On this path, crypto-native infrastructure may take the lead. Because on-chain applications inherently rely on open APIs and smart contracts, they are friendly to automation. In contrast, traditional Web2 platforms may continue to be cautiously defensive, especially companies dependent on advertising or anti-fraud systems. However, as users and enterprises gradually embrace the efficiency gains from automation, these standardized attempts are likely to become key catalysts in pushing the entire internet towards an "agent-first architecture."

Conclusion

Browser agents are evolving from simple conversational tools to autonomous systems capable of completing complex online workflows. This transformation reflects a broader trend: embedding automation directly into the core interface of user-internet interactions. While the potential for productivity gains is enormous, the challenges are equally severe, including how to overcome deeply ingrained anti-bot mechanisms and ensure safety, trust, and responsible usage.

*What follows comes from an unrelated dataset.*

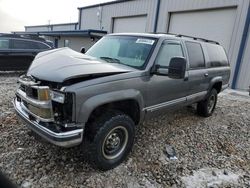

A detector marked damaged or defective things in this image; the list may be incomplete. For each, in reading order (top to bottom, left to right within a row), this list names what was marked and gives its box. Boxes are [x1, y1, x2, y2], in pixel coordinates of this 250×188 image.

damaged hood [27, 47, 136, 82]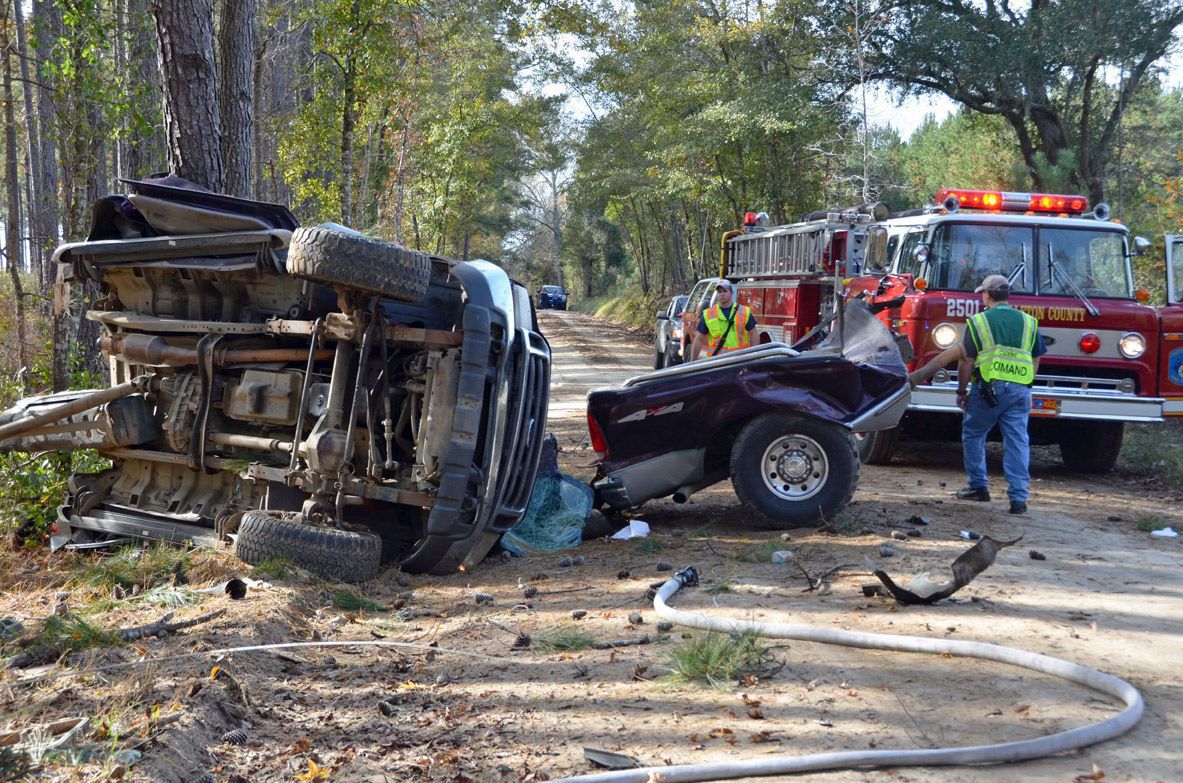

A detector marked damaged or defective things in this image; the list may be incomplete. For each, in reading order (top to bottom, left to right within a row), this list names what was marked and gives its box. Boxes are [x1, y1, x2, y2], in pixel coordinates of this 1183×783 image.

In the short term, improvements in agents' reasoning abilities, faster speeds, closer integration with existing services, and advancements in distributed networks may gradually enhance reliability. In the long term, we may see the gradual establishment of "agent-friendly" standards in scenarios where automation benefits both service providers and users. However, this transition will not be uniform: in automation-friendly environments like DeFi, adoption will be faster; whereas in Web2 platforms that heavily rely on user interaction, acceptance will be slower.

In the future, the competition among tech companies will increasingly focus on several aspects: how their agents navigate under real-world constraints, whether they can be safely integrated into critical workflows, and whether they can reliably deliver results across diverse online environments. Whether all of this ultimately reshapes the "browser war" will depend not merely on technical prowess but on establishing trust, aligning incentives, and demonstrating tangible value in everyday use.